One of the central points in this book is the notion that “the change the brain seeks is to brainsoothe itself, to reduce its preoccupations and acquire the most interesting menu of stimuli it can safely find” (20). And this is what religion provides: a kind of brainsoothing. “Religion,” for Tiger and McGuire, “is a form of socioemotional and institutional exercise for the organ in our head” (20); its power lies in its promise of the afterlife (20) and its ability to address central issues of belief and social hierarchy (28). But primarily religion is a form of brain exercise. This brain exercise is a product of the fact that “the brain has evolved to identify and solve tasks essential for survival. The brain evolved to act” (28). In this evolution the brain has formed ways to comfort itself: the very quest for knowledge and certainty is a quest for comfort and survival. The problem is that “the brain also imagines and believes things for which there is no hard evidence” (31). There is no hard evidence because there is no method for testing: “there is simply no scientific method to test for heaven; hell; thoughtful or considerate gods; and leering, masked, tail –flailing devils” (32). If there is no way of testing religious beliefs then how can we make a judgment on what the brain constructs to comfort itself? There seems no escape since “the human records shows that a bewildering portion of what humans imagine is given the same weight, value, and authority as what they tangibly experience” (33).

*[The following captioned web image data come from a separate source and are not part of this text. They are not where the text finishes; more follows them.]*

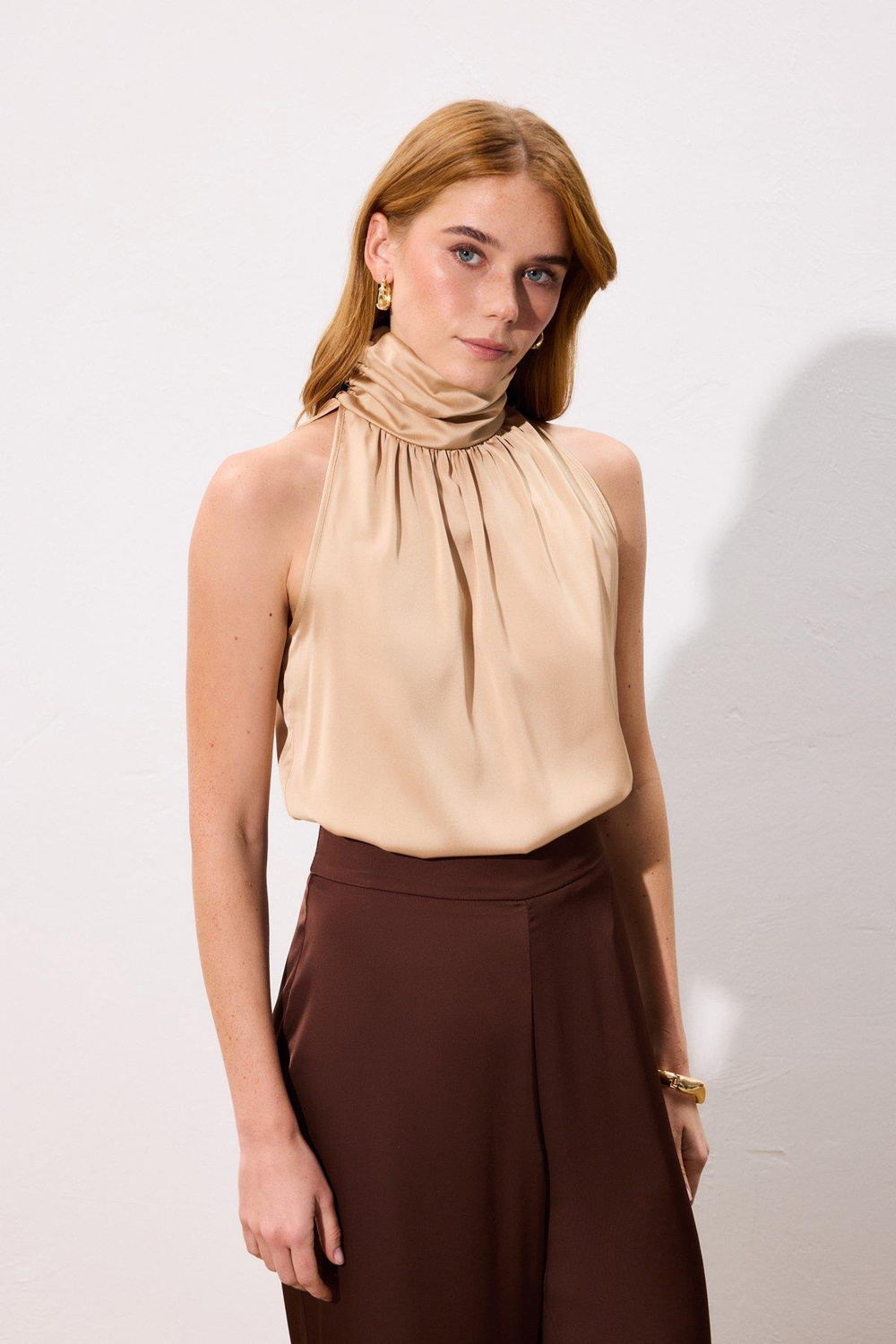 Wholesale Womens Beige Sleeveless Mock-Neck Blouse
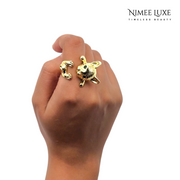 Bulldog Huggies Adjustable Ring Gold Plated AR18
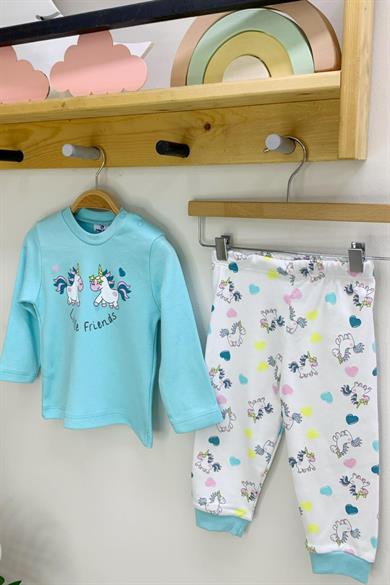 Mojo Kız Bebek 3-36 Ay Unicorn Desenli Pijama Takımı 6660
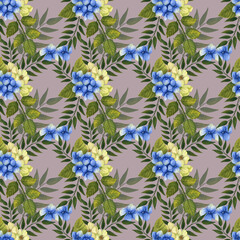 Summer floral seamless fabric pattern, seamless digital paper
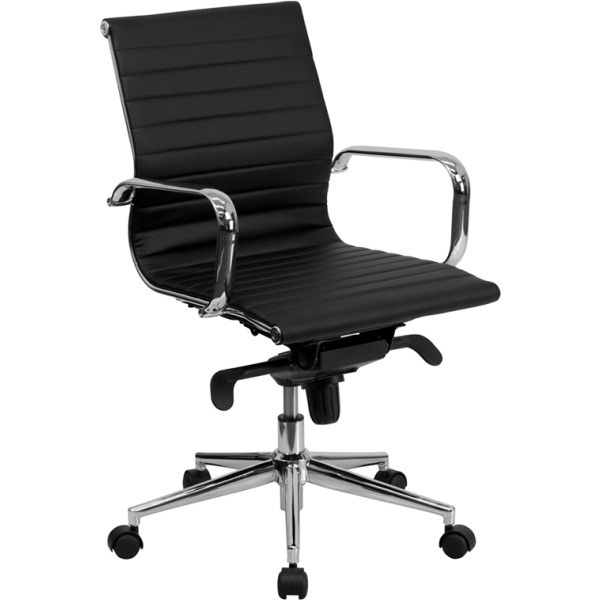 Mid-Back-Black-Ribbed-Leather-Swivel-Conference-Chair-with-Knee-Tilt-Control-and-Arms-by-Flash-Furniture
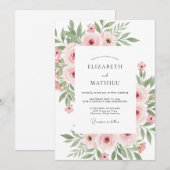 Blush Soft Bloom Hochzeit Einladung (Vorne/Hinten)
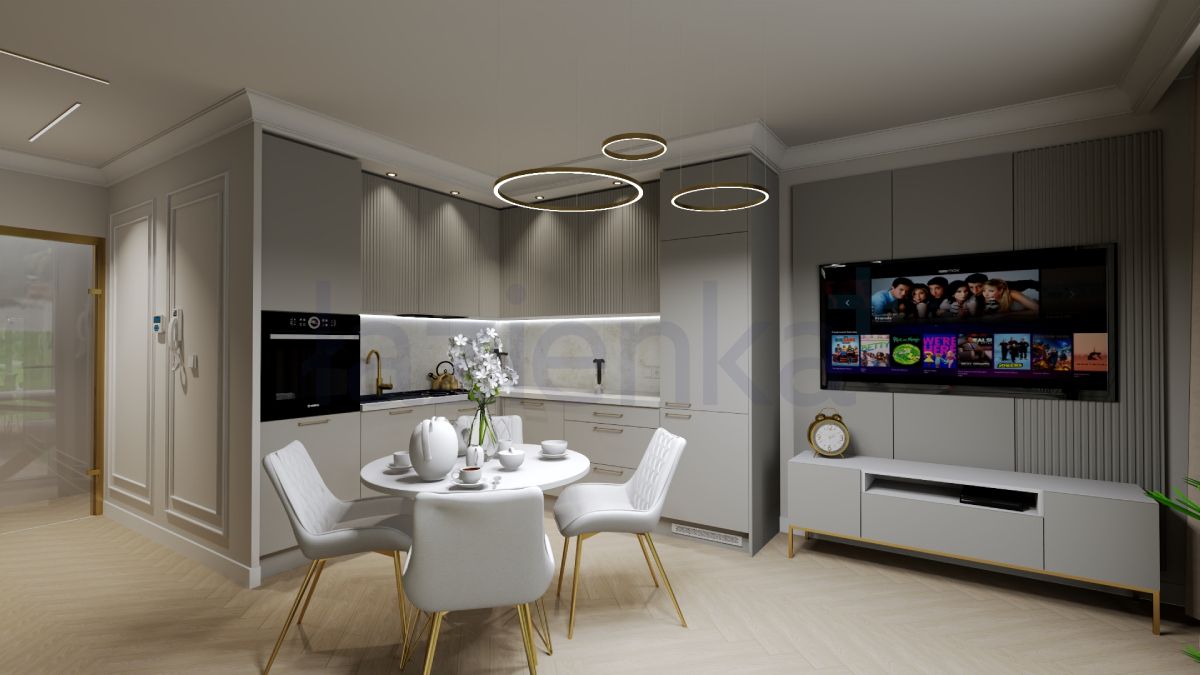 Nowoczesne oświetlenie w otwartym salonie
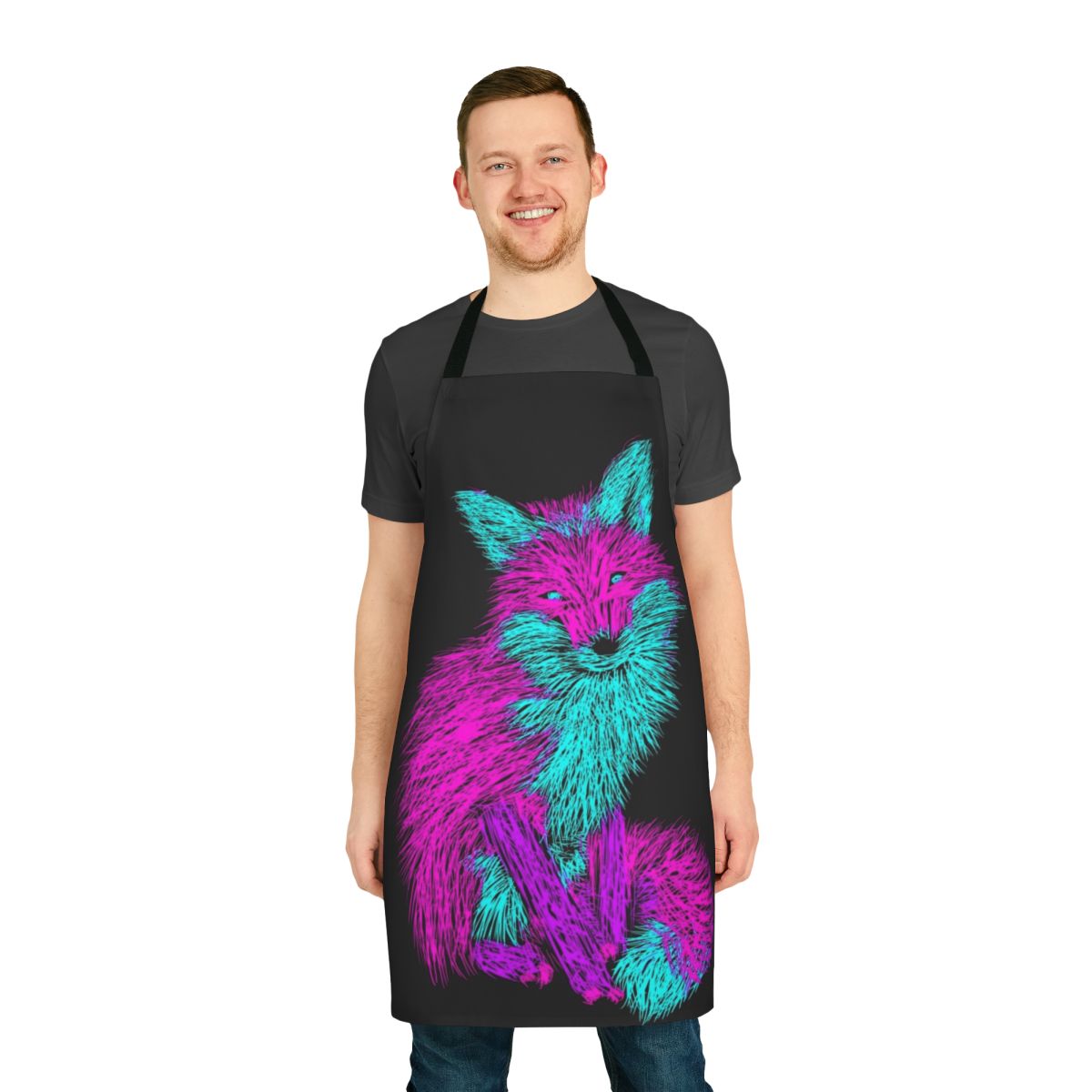 An apron featuring a design of a majestic red fox in an autumn setting.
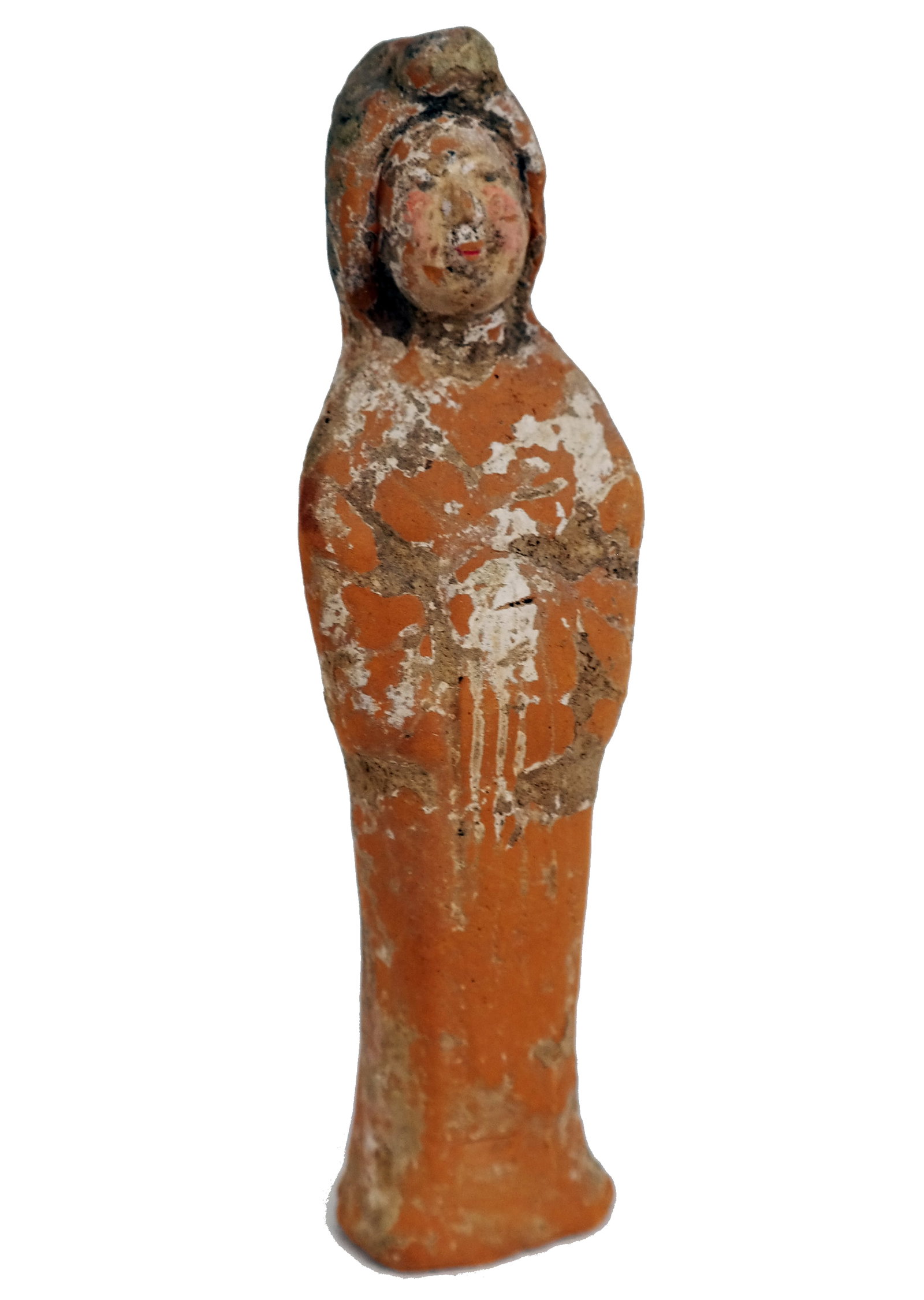 Terra Cotta Sculpture of a Woman: Terra cotta sculpture of a woman, artist unknown. Provenance: From the Collection of Brendelle & Fred Walden. [7" H]. Overall good condition. Condition reports and requests for additional photos canno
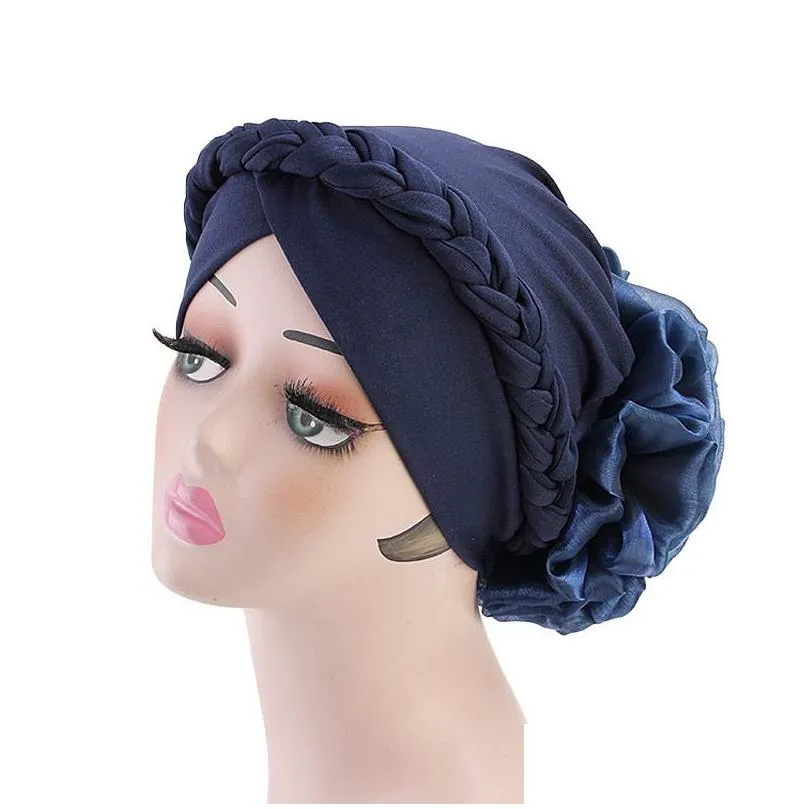 Woman Big Flower Turban Elastic Cloth Hair Accessories Hair Bands Hat Chemo Ladies Muslim Scarf Hijab Cap Flower Bonnet Beanie for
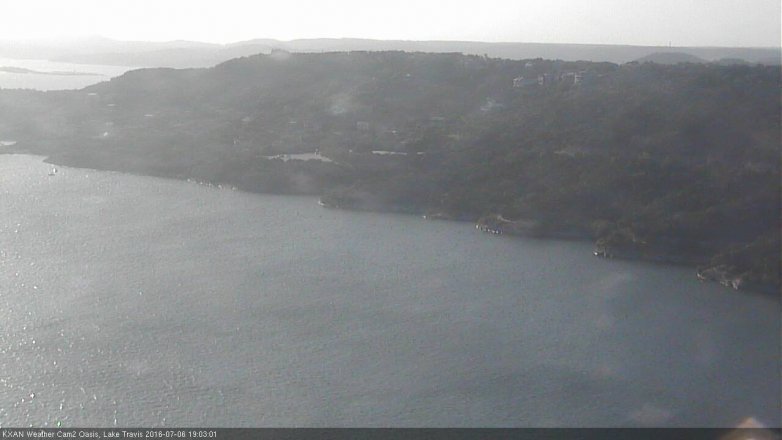 Lake Travis webcam, July 6, 2016 6:20 PM CT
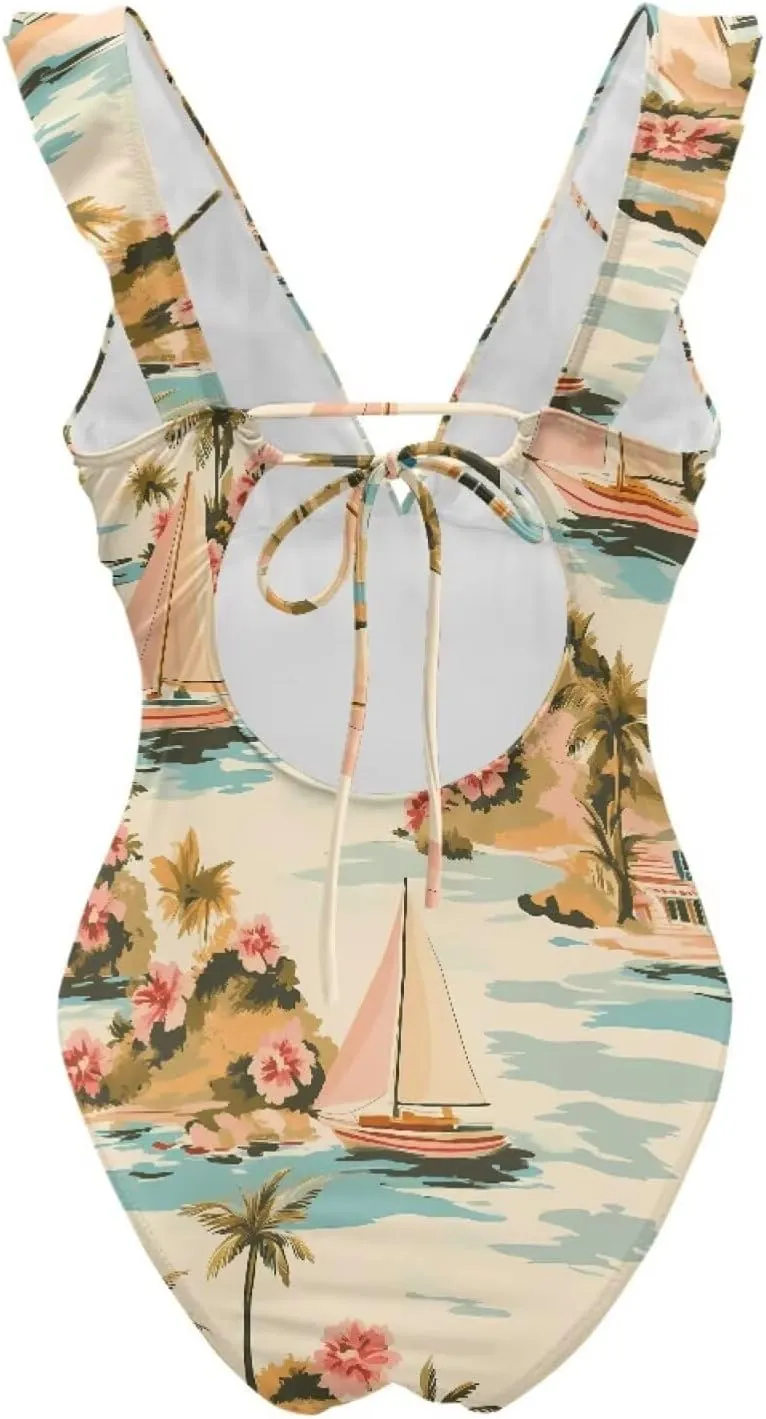 Howilath Hawaiian Palm Tree Womens One Piece Swimsuits Ruched Ruffle Bathing Suits V-Neck Backless Swimwear Bikini Sets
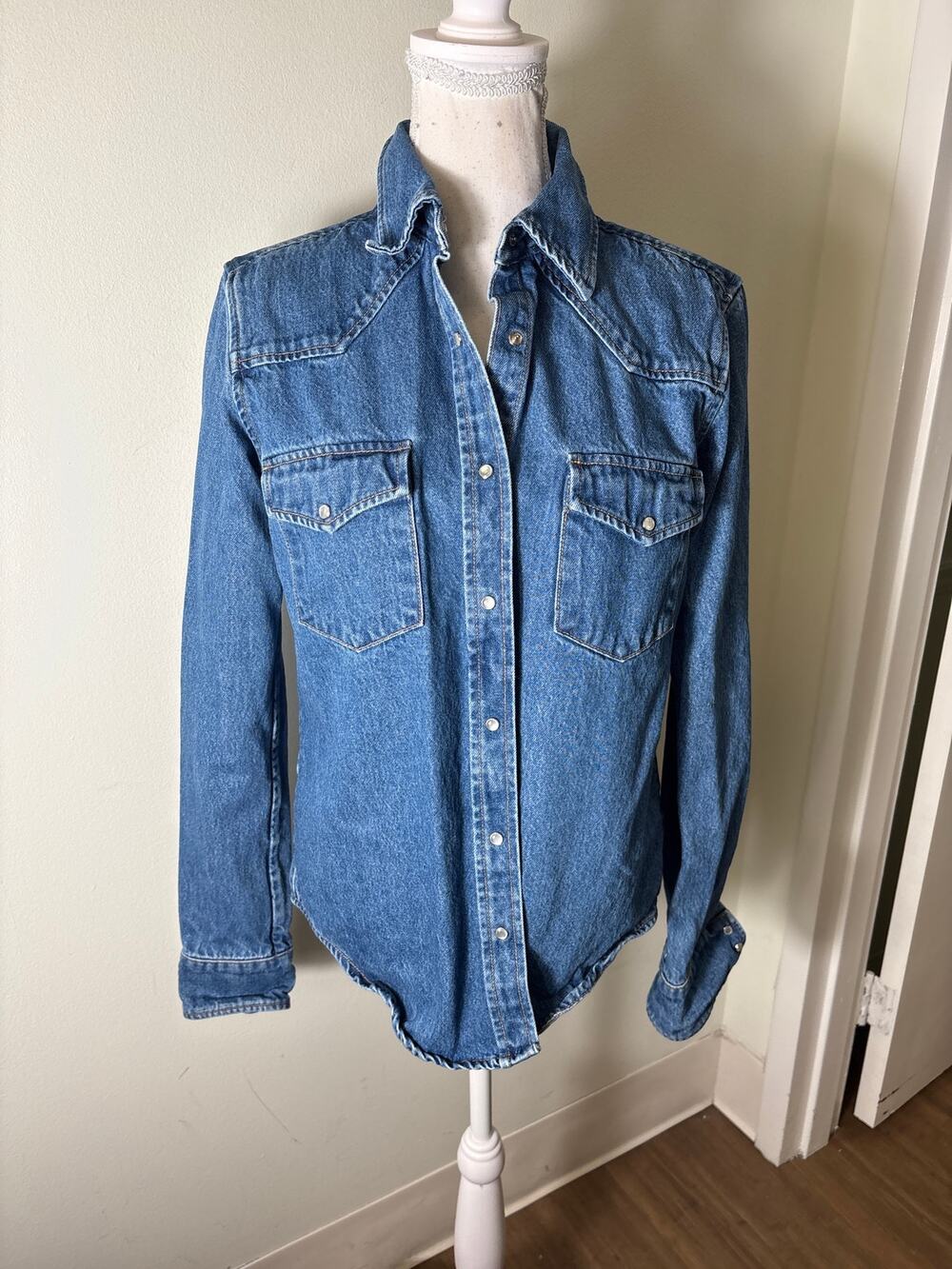 SPRWMN Blue Long Sleeve Denim Snap Front Closure Sz S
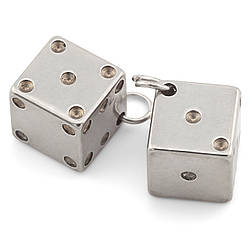 Кулон підвіска Кістка гральна нержавіюча сталь 1 шт. 8х8 мм Платина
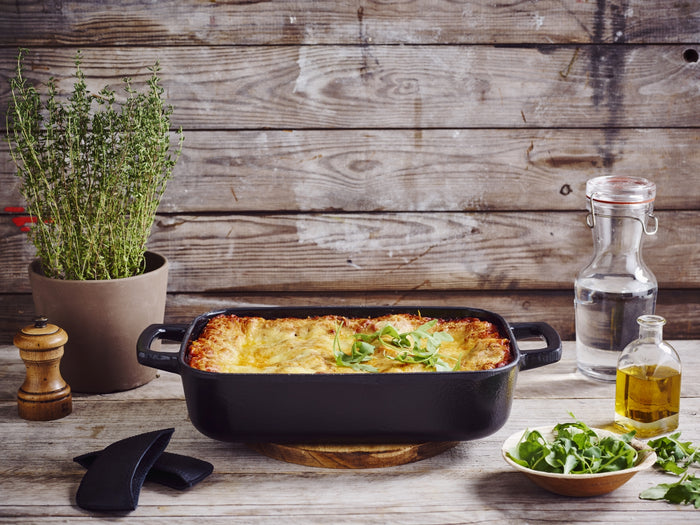 Alva Ovenschaal / Braadslede Gietijzer Nori + Gratis Leren Handvaten - 30 x 21 x 8.2 cm - geëmailleerde anti-aanbaklaag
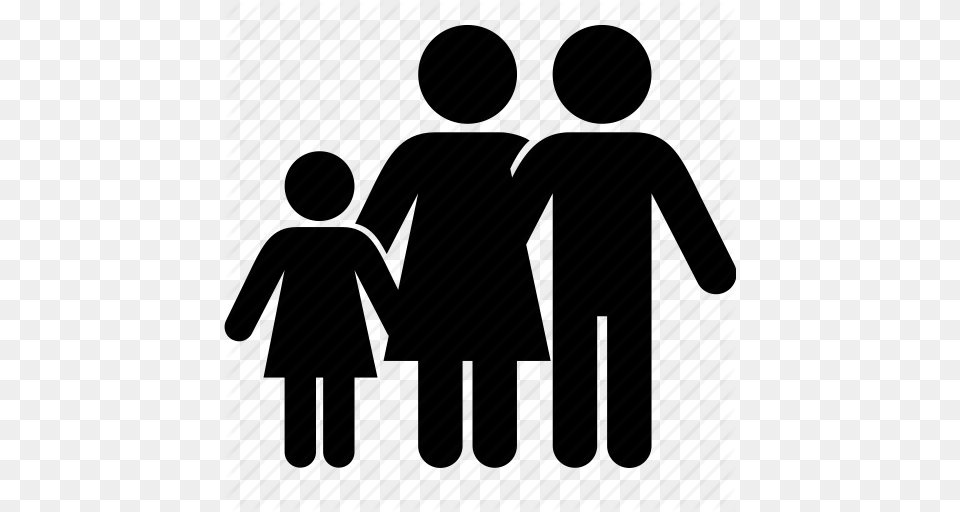 Daughter Family Father Girl Mother Parents Icon, Silhouette, People, Person, Body Part Free Png Download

In conclusion, Tiger and McGuire offer insights into the way that the brain relates to religious beliefs, and vice versa. They take into account the reality and ubiquity of religious beliefs and religious groups. They offer reasons why believers form, as well as hold onto, their beliefs. It is the brains way of soothing itself from the tumultuous world we experience around us. If one were to take their theories further, they could arrive at the conclusion that religion and religious belief are solely a projection of the human mind (Feuerbach and Frued) and that one should try to remedy this with a taste of cold, hard reality. Others may take them as simply speaking about what goes on in the brains of believers, saying nothing about its truth or falsity.
if the brain, arguably, copes with a reality that can not be explained, through religion, as to give us purpose, then the groups revolved around X religion functions within the norms of society *of the US*. However, have someone question a real purpose sin religion…. the response… nihilist… great review
Thanks Eab. Your responses are always appreciated.